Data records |
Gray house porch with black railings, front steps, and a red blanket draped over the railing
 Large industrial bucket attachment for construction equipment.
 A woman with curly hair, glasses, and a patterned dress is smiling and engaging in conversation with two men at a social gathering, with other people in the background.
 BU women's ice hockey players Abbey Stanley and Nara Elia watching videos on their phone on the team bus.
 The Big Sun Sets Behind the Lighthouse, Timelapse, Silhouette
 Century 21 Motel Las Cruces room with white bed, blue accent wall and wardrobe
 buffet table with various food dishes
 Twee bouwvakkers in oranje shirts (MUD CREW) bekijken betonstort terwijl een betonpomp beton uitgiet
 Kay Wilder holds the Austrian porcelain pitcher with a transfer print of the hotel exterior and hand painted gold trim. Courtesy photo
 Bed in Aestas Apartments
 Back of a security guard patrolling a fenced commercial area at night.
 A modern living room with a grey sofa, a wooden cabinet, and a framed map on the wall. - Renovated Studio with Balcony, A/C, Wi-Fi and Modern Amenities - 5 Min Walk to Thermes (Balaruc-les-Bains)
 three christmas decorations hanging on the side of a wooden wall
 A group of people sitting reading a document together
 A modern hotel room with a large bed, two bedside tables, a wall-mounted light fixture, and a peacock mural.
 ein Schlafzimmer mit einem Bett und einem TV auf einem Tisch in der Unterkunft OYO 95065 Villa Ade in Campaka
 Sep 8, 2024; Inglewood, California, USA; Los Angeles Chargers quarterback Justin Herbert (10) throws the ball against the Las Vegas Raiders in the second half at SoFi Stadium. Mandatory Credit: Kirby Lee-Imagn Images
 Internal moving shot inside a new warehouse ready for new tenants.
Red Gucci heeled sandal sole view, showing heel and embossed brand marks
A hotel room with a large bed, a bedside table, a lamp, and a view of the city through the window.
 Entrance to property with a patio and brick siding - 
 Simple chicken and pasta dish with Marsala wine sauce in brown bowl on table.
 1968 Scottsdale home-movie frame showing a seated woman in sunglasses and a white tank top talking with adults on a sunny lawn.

Task prompt | Would you please give the data above again, exactly as it appears?

Exercise result |
Gray house porch with black railings, front steps, and a red blanket draped over the railing
 Large industrial bucket attachment for construction equipment.
 A woman with curly hair, glasses, and a patterned dress is smiling and engaging in conversation with two men at a social gathering, with other people in the background.
 BU women's ice hockey players Abbey Stanley and Nara Elia watching videos on their phone on the team bus.
 The Big Sun Sets Behind the Lighthouse, Timelapse, Silhouette
 Century 21 Motel Las Cruces room with white bed, blue accent wall and wardrobe
 buffet table with various food dishes
 Twee bouwvakkers in oranje shirts (MUD CREW) bekijken betonstort terwijl een betonpomp beton uitgiet
 Kay Wilder holds the Austrian porcelain pitcher with a transfer print of the hotel exterior and hand painted gold trim. Courtesy photo
 Bed in Aestas Apartments
 Back of a security guard patrolling a fenced commercial area at night.
 A modern living room with a grey sofa, a wooden cabinet, and a framed map on the wall. - Renovated Studio with Balcony, A/C, Wi-Fi and Modern Amenities - 5 Min Walk to Thermes (Balaruc-les-Bains)
 three christmas decorations hanging on the side of a wooden wall
 A group of people sitting reading a document together
 A modern hotel room with a large bed, two bedside tables, a wall-mounted light fixture, and a peacock mural.
 ein Schlafzimmer mit einem Bett und einem TV auf einem Tisch in der Unterkunft OYO 95065 Villa Ade in Campaka
 Sep 8, 2024; Inglewood, California, USA; Los Angeles Chargers quarterback Justin Herbert (10) throws the ball against the Las Vegas Raiders in the second half at SoFi Stadium. Mandatory Credit: Kirby Lee-Imagn Images
 Internal moving shot inside a new warehouse ready for new tenants.
Red Gucci heeled sandal sole view, showing heel and embossed brand marks
A hotel room with a large bed, a bedside table, a lamp, and a view of the city through the window.
 Entrance to property with a patio and brick siding - 
 Simple chicken and pasta dish with Marsala wine sauce in brown bowl on table.
 1968 Scottsdale home-movie frame showing a seated woman in sunglasses and a white tank top talking with adults on a sunny lawn.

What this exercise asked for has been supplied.